Tuesday, November 02, 2010

A Malaysian Economist On the Invisible Hand

Hishamh, an applied and practicing economist in the Malaysian financial sector. writes on Economics Malaysia writes the Economics Malaysia Blog HERE:

I’m not a free market fundamentalist, nor do I believe in the doctrine of self-correcting markets. To me, market failure is as likely an outcome as well-functioning markets – we are after all dealing with human beings who are fallible. There is no “invisible hand” that infallibly guides markets to the first-best outcome that maximises social value and welfare. On the other hand, the market mechanism is infinitely superior to the alternatives – so in that sense, [Former prime minister Tun Dr Mahathir Mohamad ] has it right. Markets need regulation to ensure that they remain efficient and fair.”

Comment
Hishamh is right on his assessment of the so-called ‘invisible-hand’ myth that has entrapped its believers among modern economists. Incalculable harm has been created by this gross distortion of Adam Smith’s use of this particular metaphor.

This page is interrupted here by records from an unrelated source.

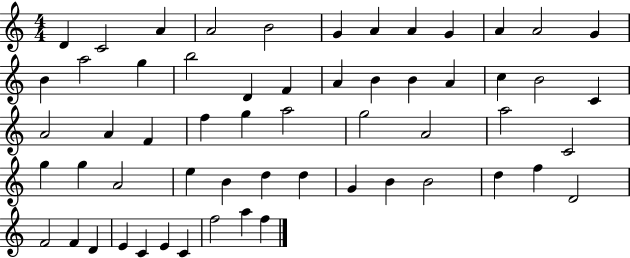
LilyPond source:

{
  \clef treble
  \numericTimeSignature
  \time 4/4
  \key c \major
  d'4 c'2 a'4 | a'2 b'2 | g'4 a'4 a'4 g'4 | a'4 a'2 g'4 | \break b'4 a''2 g''4 | b''2 d'4 f'4 | a'4 b'4 b'4 a'4 | c''4 b'2 c'4 | \break a'2 a'4 f'4 | f''4 g''4 a''2 | g''2 a'2 | a''2 c'2 | \break g''4 g''4 a'2 | e''4 b'4 d''4 d''4 | g'4 b'4 b'2 | d''4 f''4 d'2 | \break f'2 f'4 d'4 | e'4 c'4 e'4 c'4 | f''2 a''4 f''4 | \bar "|."
}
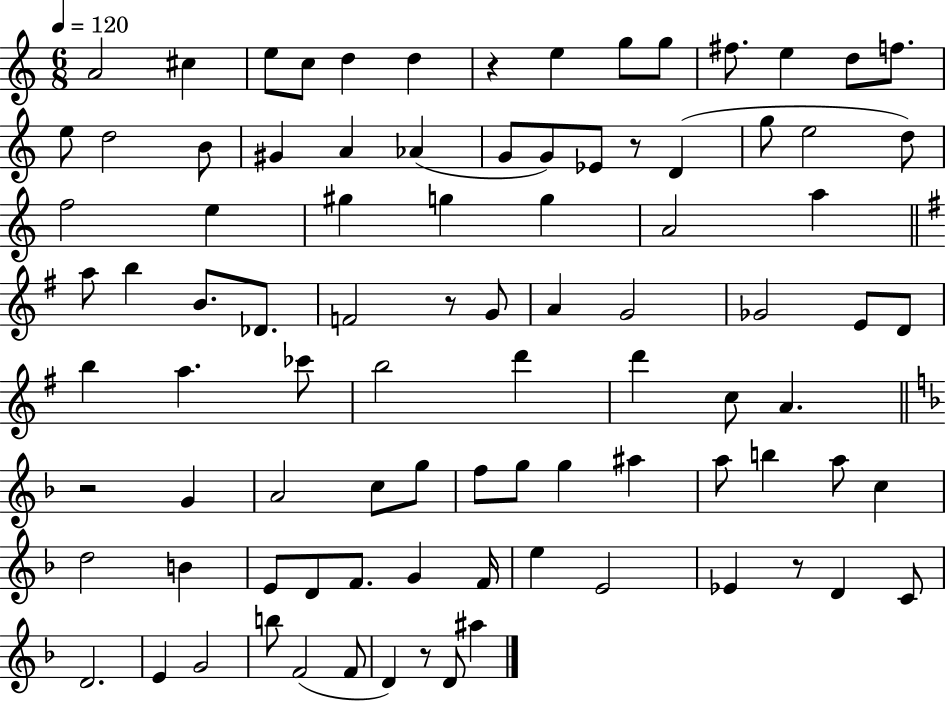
A4/h C#5/q E5/e C5/e D5/q D5/q R/q E5/q G5/e G5/e F#5/e. E5/q D5/e F5/e. E5/e D5/h B4/e G#4/q A4/q Ab4/q G4/e G4/e Eb4/e R/e D4/q G5/e E5/h D5/e F5/h E5/q G#5/q G5/q G5/q A4/h A5/q A5/e B5/q B4/e. Db4/e. F4/h R/e G4/e A4/q G4/h Gb4/h E4/e D4/e B5/q A5/q. CES6/e B5/h D6/q D6/q C5/e A4/q. R/h G4/q A4/h C5/e G5/e F5/e G5/e G5/q A#5/q A5/e B5/q A5/e C5/q D5/h B4/q E4/e D4/e F4/e. G4/q F4/s E5/q E4/h Eb4/q R/e D4/q C4/e D4/h. E4/q G4/h B5/e F4/h F4/e D4/q R/e D4/e A#5/q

Markets are very visible – they would not work if they were invisible!

Whether markets would work without the rule of law, justice and competition is highly debateable. While libertarian in outlook, I am not an anarcho-libertarian. (Liberty is more important than democracy.)

I think we should be pragmatic in all things. ‘Men of System’, as Adam Smith called them, are dangerous meddlers, whether peddling so-called laissez-faire or statist-interventionist.

Much more sensible – and safer – to advocate and practice ‘markets where possible, state intervention where necessary’, which I believe is closer to Adam Smith’s legacy.